Solution combustion synthesis of Dy3+doped La2O3 nanoparticles: An investigation of their structural, optical and photoluminescence characteristics

Abstract

The impact of the varying Dy3+ (1–9 mol %) rare earth ion concentration on the structural and luminous characteristics of La2O3 phosphors was studied via solution combustion synthesis. Structure formation, photoluminescence (PL) effectiveness, optical properties, and energy transfer mechanisms were examined in detail. All the synthesised samples exhibits hexagonal structure, which is supported by X-ray diffraction patterns (space group: P-3 mL (164)). Scanning electron microscope analysis shows irregular particle size and shapes of the synthesised materials. The presence of prominent and dominant Dy3+ ion peaks in the excitation spectrum of the ideal sample material, correlate to the Dy3+ ion's absorption peaks, supports the existence of considerable energy transfer among La3+ and Dy3+ ions.

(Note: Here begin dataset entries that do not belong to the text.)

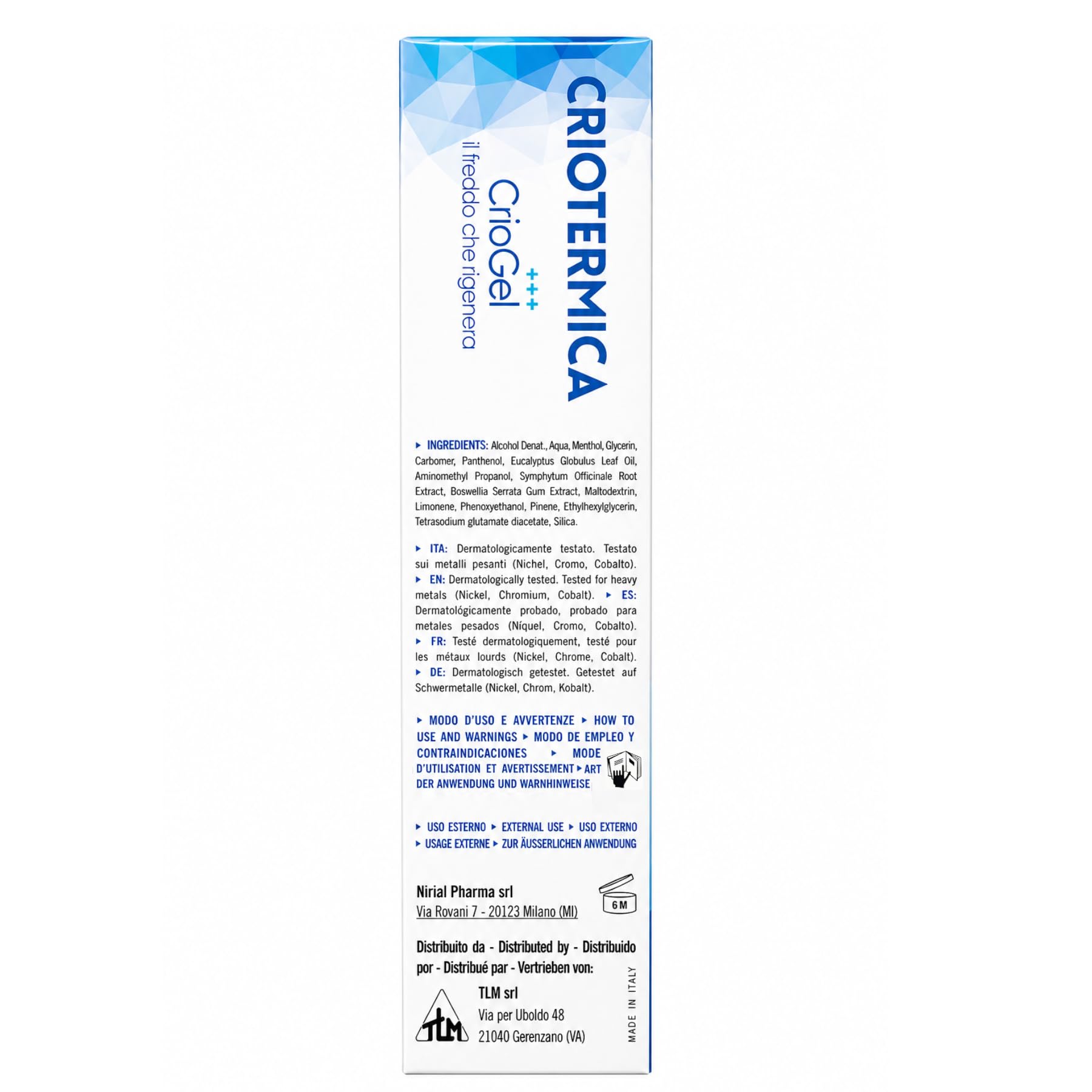 CrioGel - Nuova Formula Potenziata - Gel al mentolo effetto freddo per l'affaticamento muscolare e articolare, strappi, edemi, contusioni, botte e gonfiore - Azione rinfrescante e lenitiva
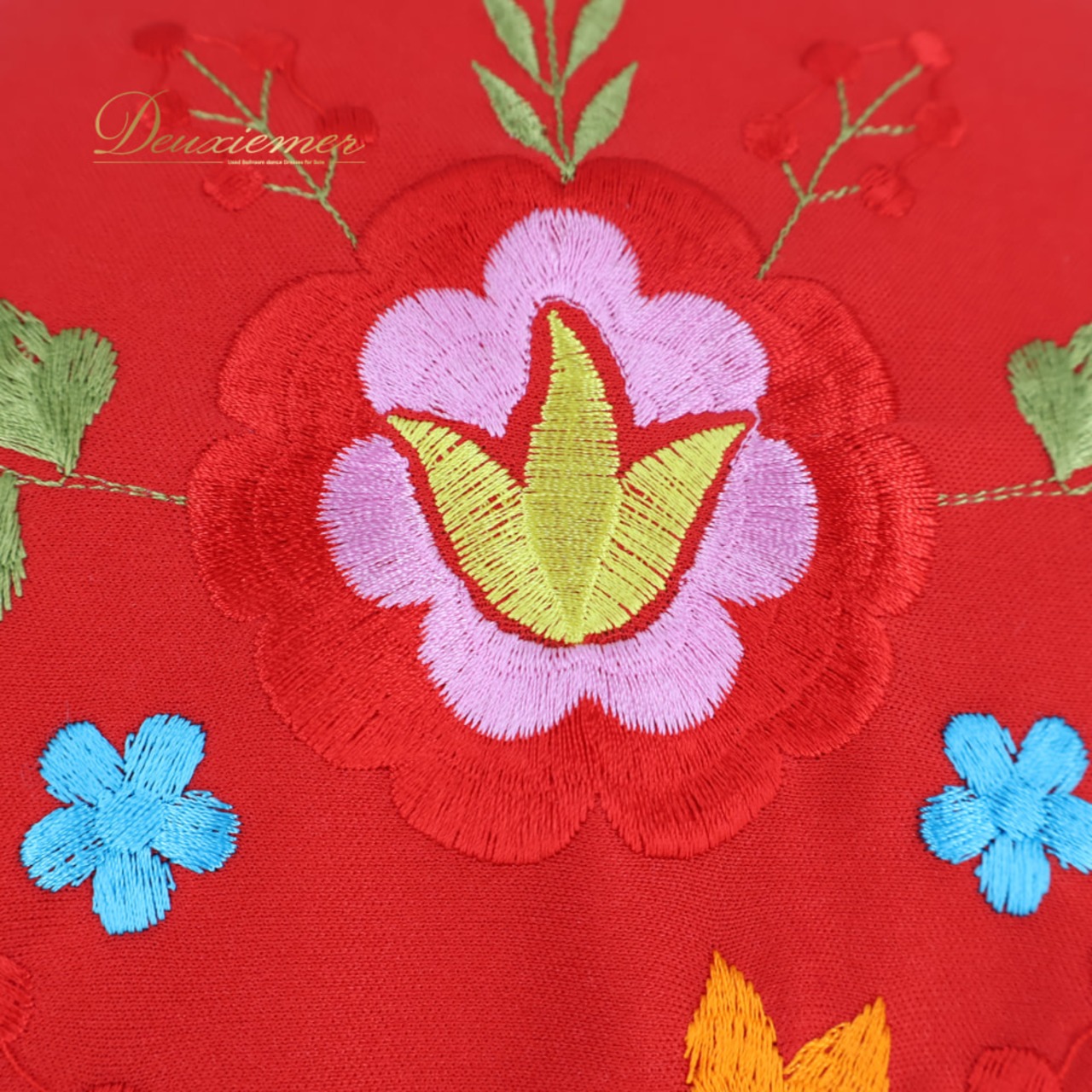 フラメンコ 衣装 シージョ ピキージョ レッド系 イエロー系 ブルー系 赤 ピンク 刺繍 花柄 フレコ フリンジ トライアングル 三角形 ダンス パーティ 発表会 装飾 小物 花柄 ダンス衣装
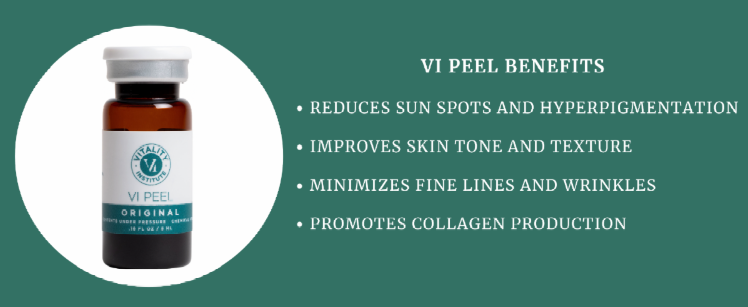 A bottle of vi peel benefits on a green background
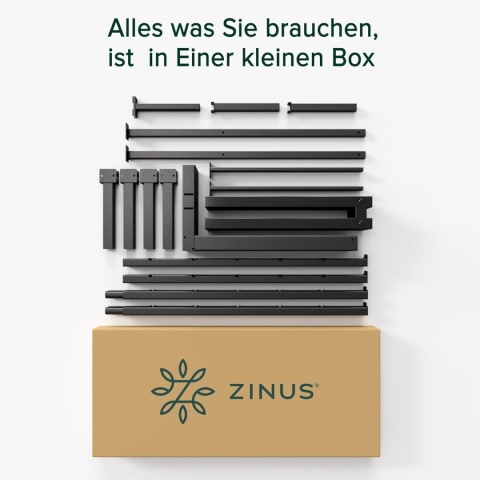 Zinus® Elias – Pancerna Stalowa Rama Łóżka Platformowego z Lamelami – 90 x 200 cm (Wysokość 36 cm)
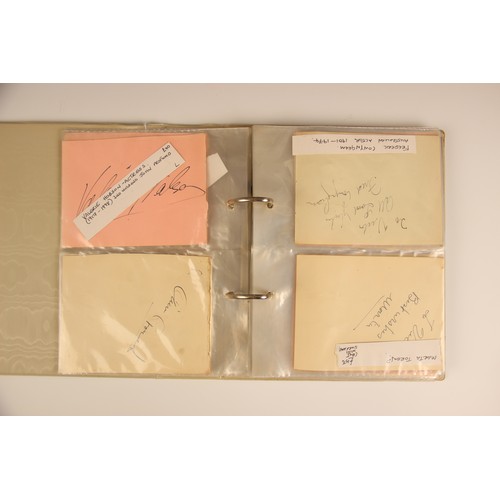 271 - An album of fifty autographs, to include James Mason, Leslie Howard, George Cole, Patricia Roe, Will... 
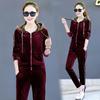 Gold Velvet Casual Sportswear Suit for Women Spring and Autumn Large Size Loose Hooded Fashion Two-piece Set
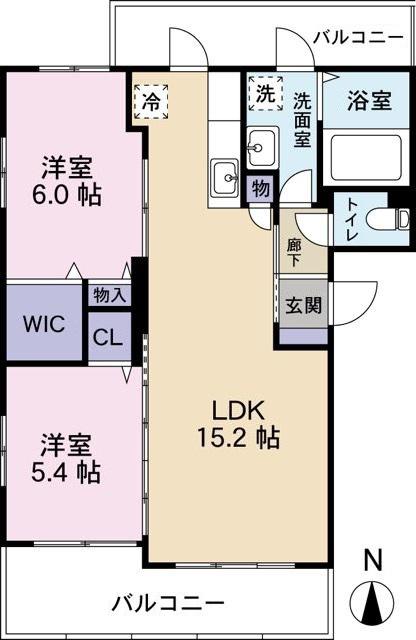 ドミール博多南A(2LDK/2階)の間取り写真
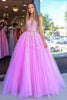 Load image into Gallery viewer, Ball Gown Fuchsia Floral Floor Length Prom Dress with Lace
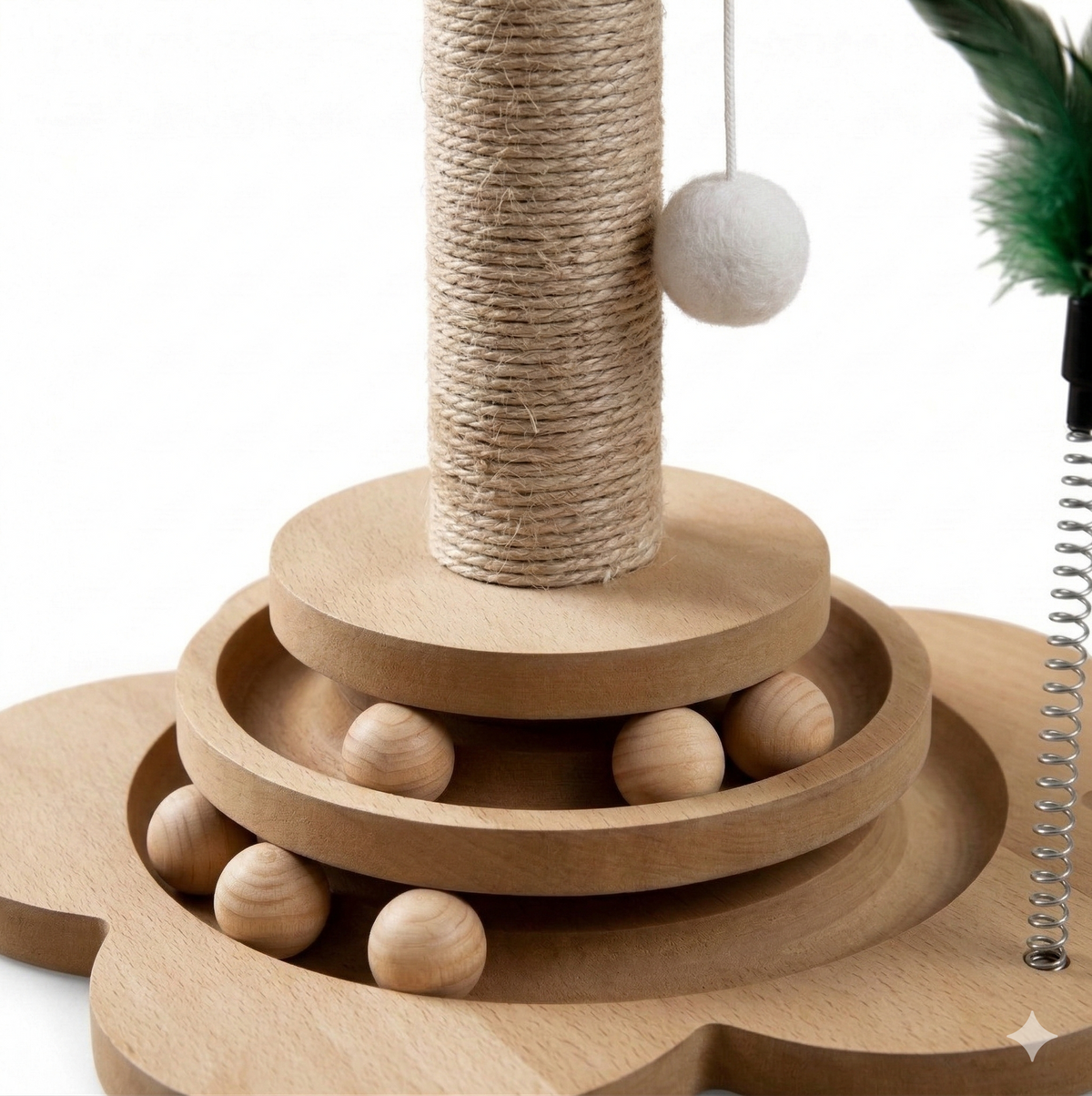 Griffoir Chat en Bois Design - Arbre à Chat avec Circuit de Balles Interactif - GIOGA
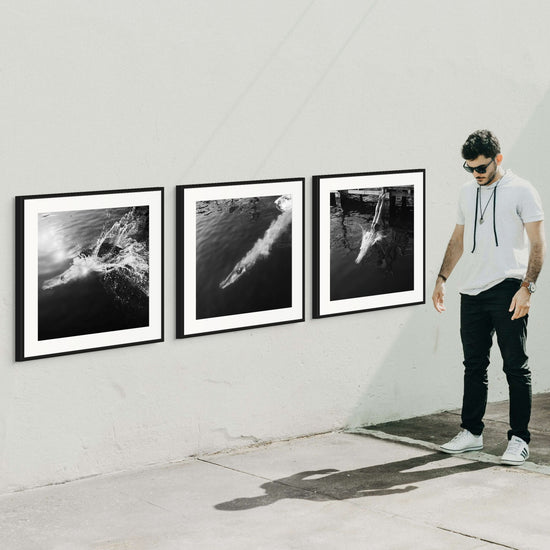 Vintage 1950's black and white photo prints of solo swimmer diving into water, curated by Curat'd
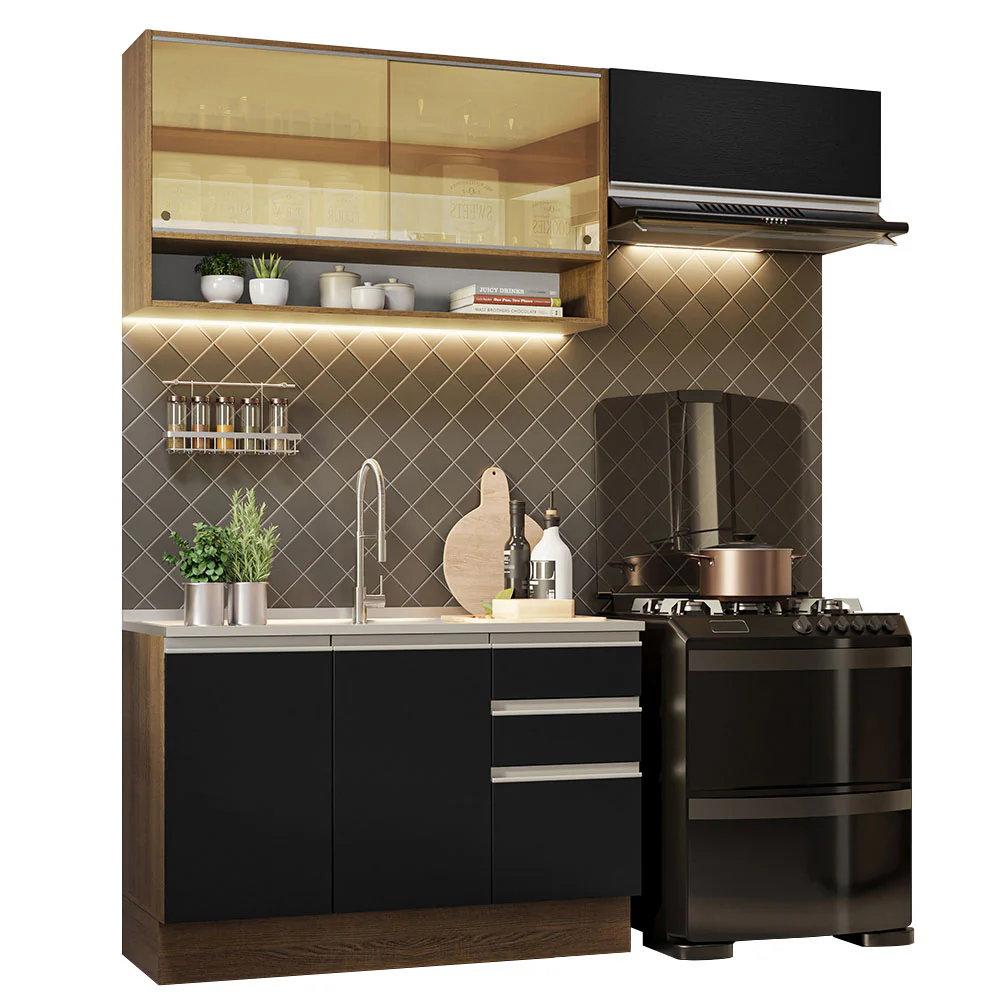 Combo de Cocina Madesa Glamy 200cm Marrón/Negro 08 - Image 3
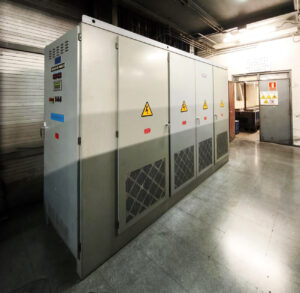 A subsynchronous cascade unit used for speed and torque control in high‑power slip ring motor applications, showing power electronics, control modules, and protection components within an industrial environment.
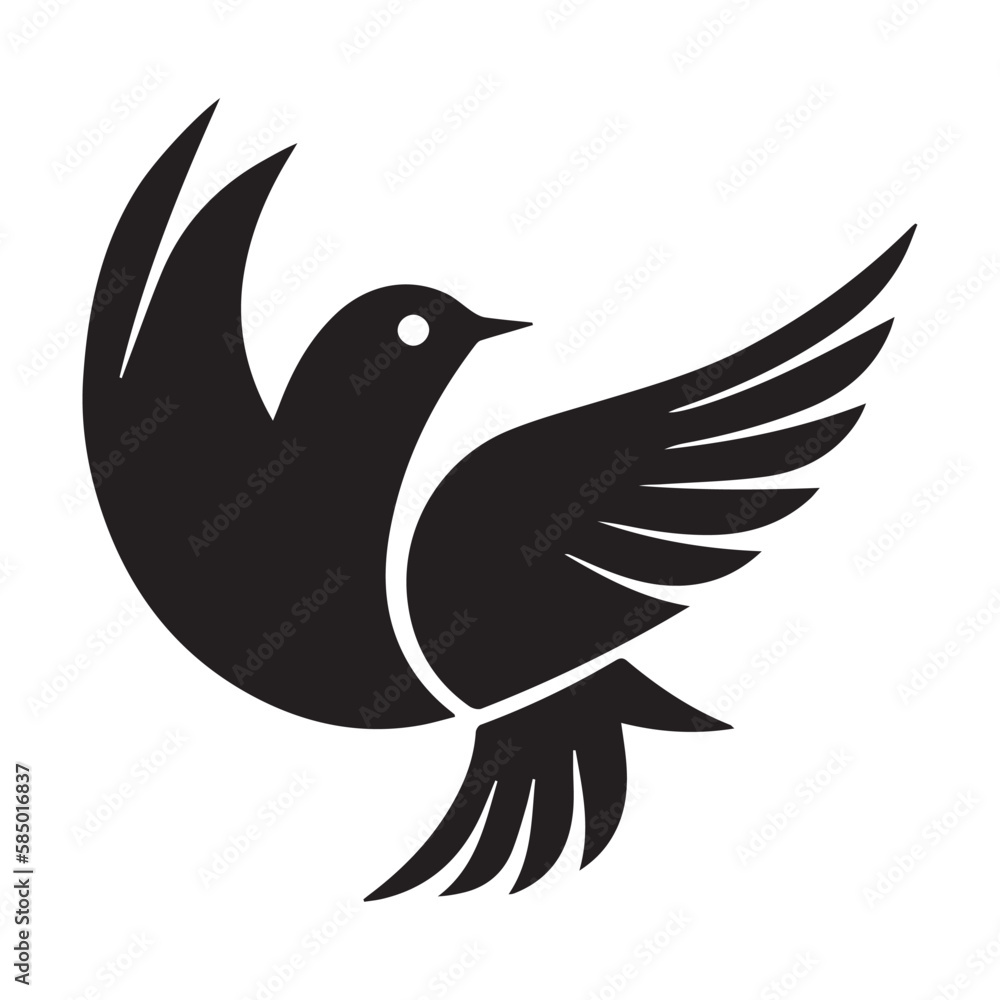 Dove, minimal black and white vector icon. Outline silhouette of a bird. Clean and modern isolated graphic art. Style and creative tattoo of animal with wings. Elegant and symbol of peace.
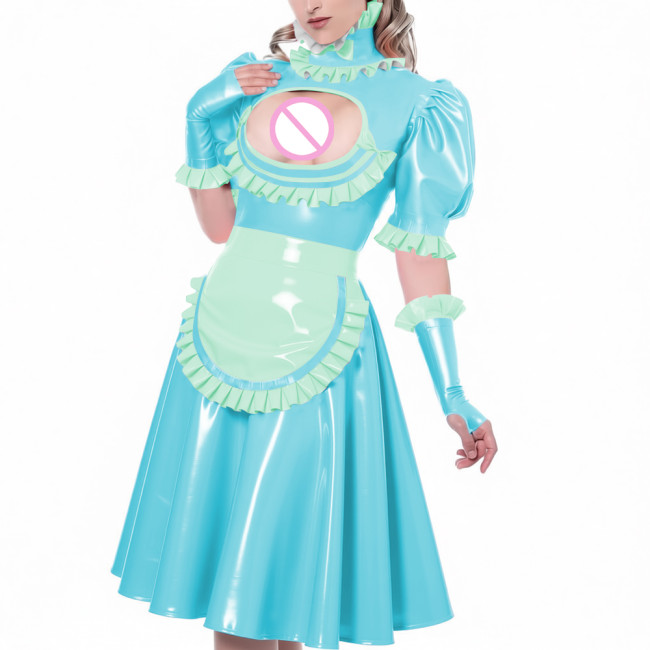 Sexy Hollow Vinyl PVC Leather Maid Dress High Neck Ruffles Trims Puff Sleeve A-Line Dress with Gloves Apron Naughty Maid Uniform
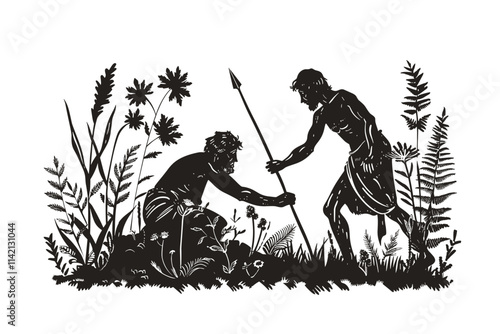 Two men are in a field with one of them holding a spear. The other man is kneeling down. flat vector illustration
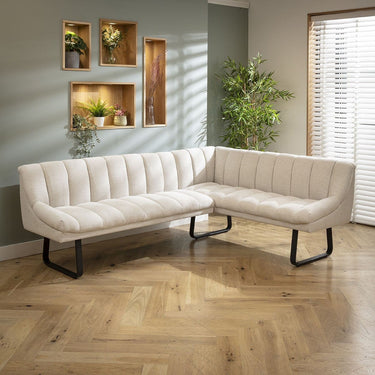 Quatropi Modern Kitchen Corner Dining Bench Left-Hand White Fabric 174x230cm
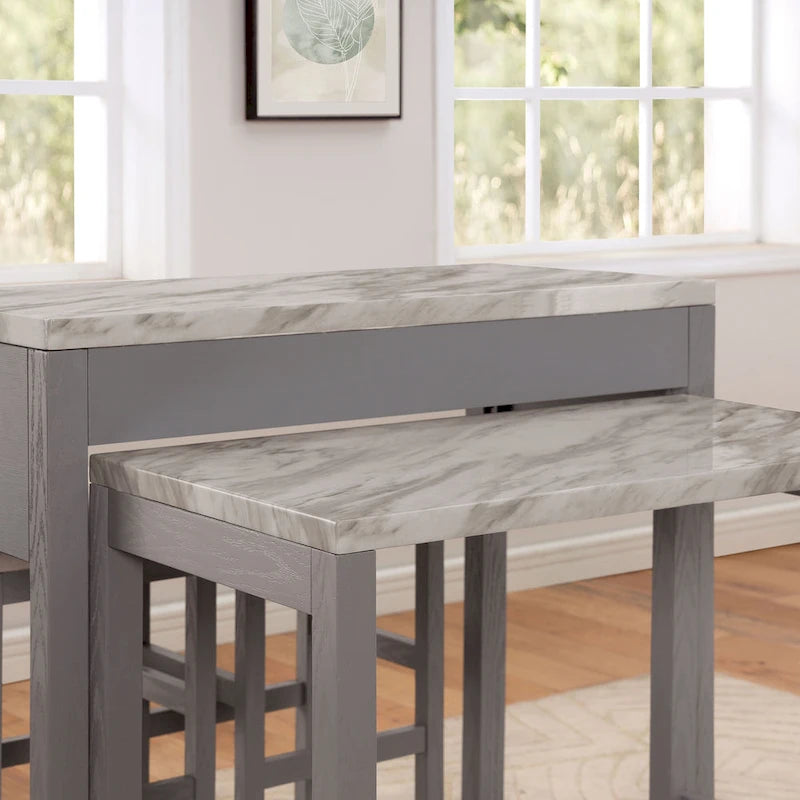 Farmhouse Counter Height Dining Table with Slide-Out Surface Drawer and Casters Gray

The PL emission wavelengths at 486 and 570 nm assigned to the Dy3+ ions transitions 4F9/2 → 6H15/2 and 4F9/2 → 6H13/2 respectively owing to the charge-transfer between La3+ and Dy3+ ions. PL emission intensity increases up to 3 mol% and afterwards it starts to decrease due to concentration quenching caused by non-radiative interactions. Photometric properties were investigated to check the possible utilization of La2O3:Dy3+ phosphor in white light emitting diodes application with CIE (x- 0.3468, y- 0.3986), CCT (0.1957, 0.5060), and colour purity (23.8 %). Aforementioned findings suggest that the synthesized phosphor is a viable option for making w-LEDs using NUV chips serving as the source of excitation.